McMullan’s son-in-law, Kelley Williams Jr. of Jackson, spoke on his behalf, noting how several other family members had pursued a medical education at the Medical Center.
“As much as Mart has meant to UMMC, UMMC has meant more to Mart and the family,” Williams said.
Dr. Richard C. Miller and Dr. Suzanne Miller, a pioneering husband-and-wife team who furthered health care for Mississippi’s children, were introduced by Dr. Mary Taylor, Suzan B. Thames Chair of Pediatrics and professor and chair of the Department of Pediatrics at UMMC.
For most of Richard Miller’s career, he was the only pediatric surgeon in the state, said Taylor, a member of the 1991 School of Medicine class.
Suzanne Miller, recruited to Batson Children’s Hospital in 1969, was the first pediatric pulmonologist to serve Mississippi.
“We’re deeply indebted to the Millers for the legacy they’ve left,” Taylor said.
It was at Case Western Reserve University in Cleveland that Richard Miller, then a surgery resident, and Suzanne Thorne, a fellow house officer, met.
After a few years of marriage, they moved to Mississippi to begin work at University Hospital. For 43 years, Richard Miller held many administrative positions while also treating children and training physicians. He was interim chair of the Department of Anesthesiology and the Department of Surgery; associate dean for clinical affairs; and medical director of the University Hospital.

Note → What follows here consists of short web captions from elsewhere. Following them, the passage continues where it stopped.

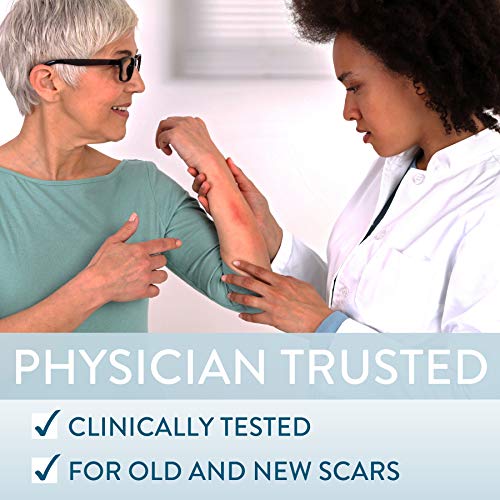 Kelo-cote Advanced Skincare Formula Scar Gel, Acne Scar, Burn Scar, Surgical Scar, C-Section Scar and Keloid Scar Treatment, 2.12 Ounces (60g)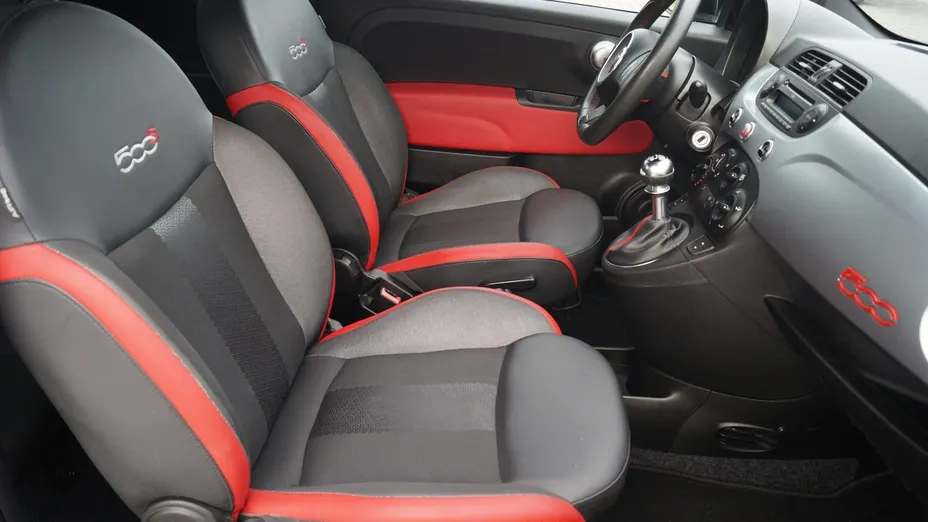 FIAT 500 -
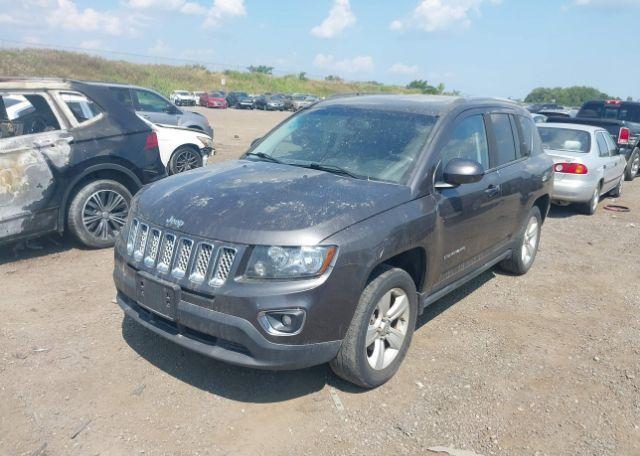 2016 JEEP COMPASS SPORT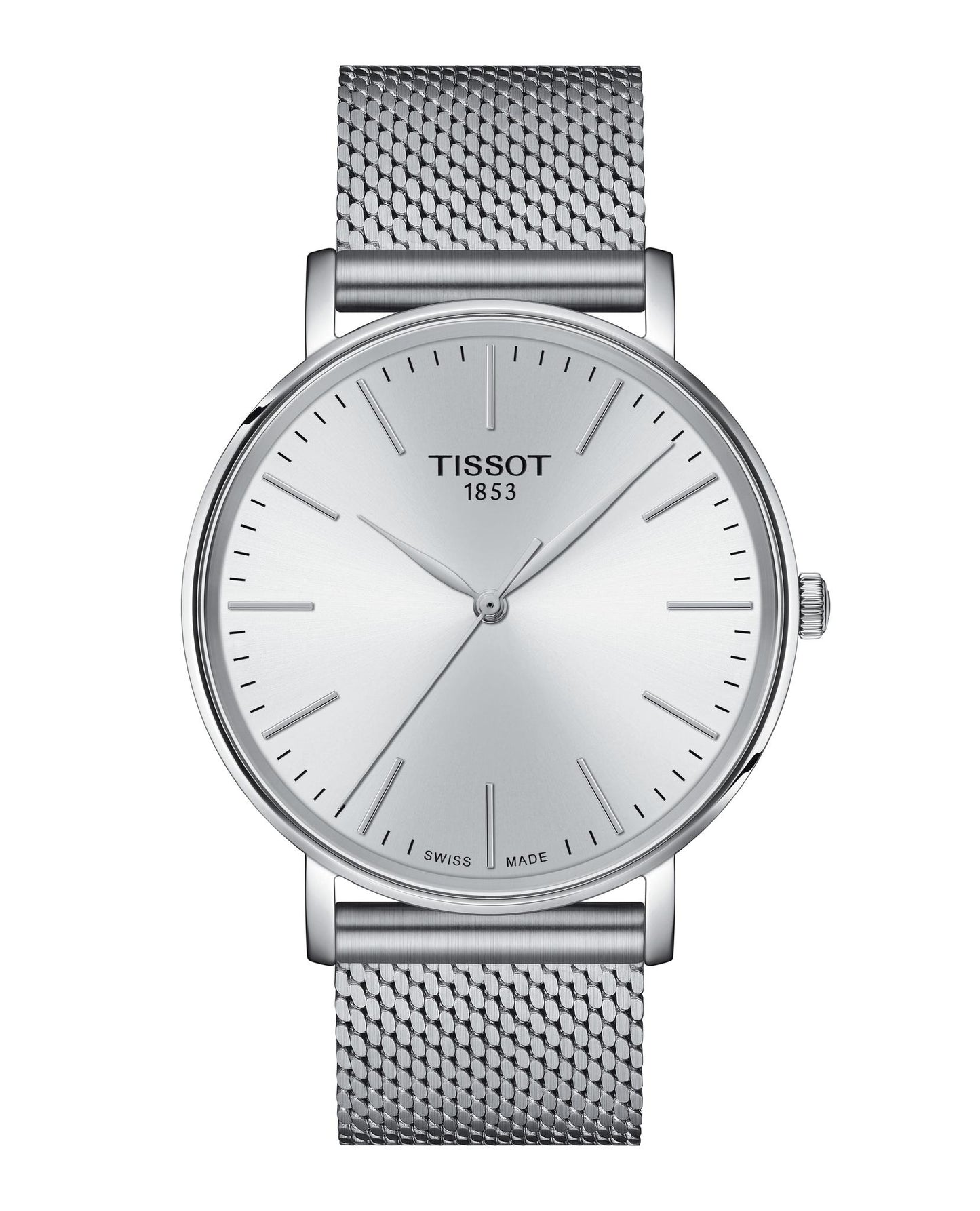 Tissot Everytime 40mm Watch T1434101101100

He was the longtime director of the Cystic Fibrosis Center, and was awarded an honorary Doctor of Science from Millsaps College in 2011.
In 2017, the Richard C. Miller, M.D. Pediatric Surgery Chair was established at UMMC, the year before he died, in August 2018.
In 1973, when the Medical Center became a designated Cystic Fibrosis Center, Suzanne Miller was named its director.
After working alongside her husband for years, she retired in 1999, but returned to care for cystic fibrosis patients in UMMC’s Adult Pulmonology Department three years later.
In 2008, she joined the Pediatric Cystic Fibrosis Center until her retirement from both departments in 2012.
“Both of us enjoyed our patient care so much,” Suzanne Miller said. “I loved my CF patients and enjoy seeing some of them today … with a baby in their arms.”
Dr. James T. “Tate” Thigpen, professor emeritus of medicine at UMMC since 2017, has made a lasting impact on the treatment of cancer in Mississippi.
The Picayune native helped expand UMMC’s cancer program and began, at age 32, deciding which research studies would be funded as head of the Protocol Committee in the Gynecologic Oncology Group.
A 1969 graduate of the School of Medicine, he served on the Department of Medicine faculty since 1973 and directed the Division of Oncology for 35 years before leading the Division of Hematology and Oncology. He has made enduring contributions to gynecologic cancer research.
For his success in advancing cancer patient care, he received in 2017 the Distinguished Leadership Award from the Society of Gynecologic Oncology.
“He is the reason I’m doing what I do today,” said one of his five sons, Dr. Samuel Calvin Thigpen, who introduced his father.
“He loves to play games. He has taught us not only how to compete, but also how to compete in the right way,” said Calvin Thigpen, assistant professor of medicine in the Division of General Internal Medicine, and a 2005 School of Medicine graduate.
For his part, Tate Thigpen said “the greatest thing that happened to me” was being introduced to his future wife, Louisa Kessler. They also have nine grandchildren.
Throughout his remarks, Thigpen stuck to the accomplishments of his colleagues and others he worked with, concluding with: “I hope you can see, from what I’ve said, it’s not me; it’s a whole group of people working together to make something happen.”